The classroom is a great place to implement new and fun methods for enhancing kids’ creativity, encouraging their logical thinking, and developing their team spirit.

Being a cool teacher nowadays means having the ability to find a balance between creativity, fun, and education. But I’m not necessarily talking about formal education. There are so many things our kids should learn outside the curriculum program, which are equally important for their growth.

The escape room games offer unconventional opportunities for kids to learn how to complement each other in the pursuit of the same goal. In other words, team building is one of the things that kids learn during these games. But that’s not all, in just one hour of activity they get a concentrated experience of mental gymnastics, logical thinking, adrenaline rush, and feeling they are doing something important.

They get a chance to enter their fantasies while being in the class and learning life-improving skills. Isn’t that a perfect activity?

With all that said, let me give you some tips on how to make an escape room classroom activity.

1. Grab a ready-to-play escape room kit

Trust me, these games are the real deal. All you need to do is download and print the game file and In a matter of minutes, you have a ready-to-play escape room for your class. I know, it sounds great!

With these games, you don’t have to waste a lot of time thinking about themes, storylines, and puzzles. Also, your DIY escape room cannot compare with the artistic experience these printable escape rooms offer. Check for example the Houdini’s secret room, designed for 9-13 year-olds. It looks awesome, the puzzles are just right for that age group because it’s tested with thousands of kids and teachers.

Usually, within the game kits, you get extra materials, which help a lot when setting up the game. But I’ll talk about them later on.

If you still decide to make your own escape room experience from scratch, then you can check these tips for puzzle ideas and escape room themes ideas. As I said before, It can be time-consuming but at the same time a lot of fun.

Our ready-to-play game kits

Professor Swen’s Lab


Houdini’s Secret Room

Wooka Booka Island

the guilded

The Gilded Carcanet

2. Set up the game

Usually, these ready-to-play kits take no more than 15 minutes of preparation before the kids arrive. It’s one more reason why it’s a better (and probably way cheaper) option for you as a game master. If you plan to create a room from scratch, have in mind that the setup time will expand to hours of preparations, which means that you have to stay late in order to prepare the class for the next day. In this rush, you always increase the chances of setting up something wrong, which will probably destroy the game flow.
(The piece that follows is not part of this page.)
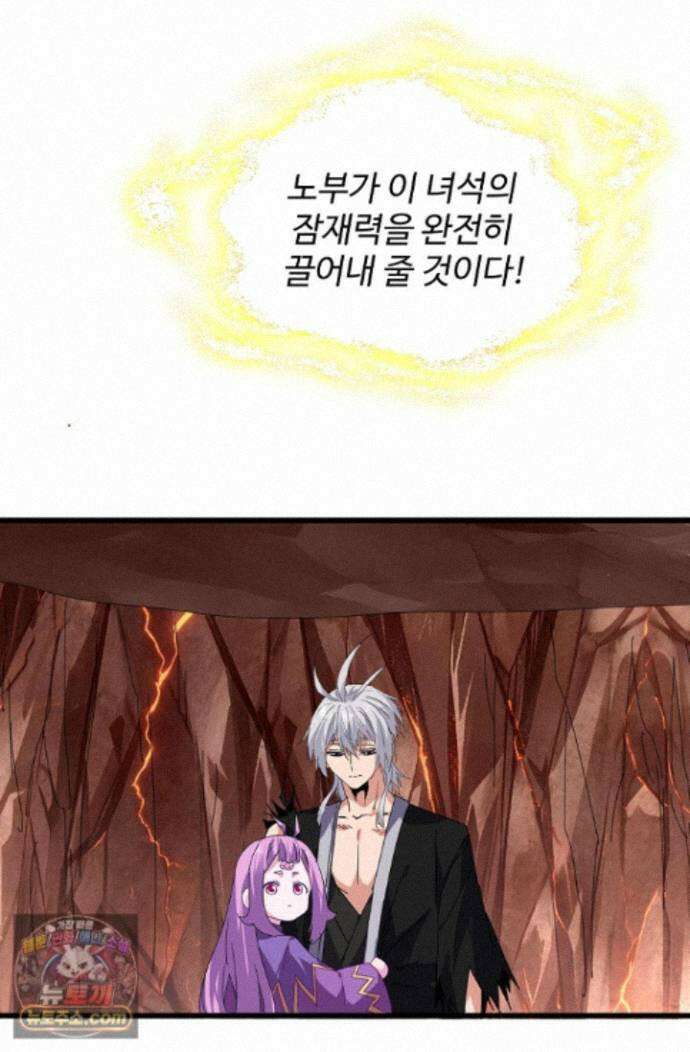마황의 귀환 648화 78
That’s one more reason why you should grab a ready-to-play escape room.

For example in Houdini’s secret room kit, except for the game file, you get an easy-to-follow set-up guide, solutions guide, extras (in a form of posters and invitations), and a mobile app to guide you through your adventure.

You probably wonder if there is enough space for the whole classroom to play it simultaneously. Of course, there is! You need as much space as every other classroom activity. Since there will probably be more teams, each group should have a personal corner (table) where all the brainstorming would take place. Don’t forget to grab some scissors, pen, and paper glue for each team, they are usually part of every printable escape game.


3. Decorating the classroom

The decorations add up a lot to the whole experience. We recommend you turn on your creativity and take your time to decorate the room. Kids will love to see their everyday classroom turned into a fantastic escape room with all those decorations around. Trust me, your rating will rise by at least 10 points, as soon as the kids enter the classroom.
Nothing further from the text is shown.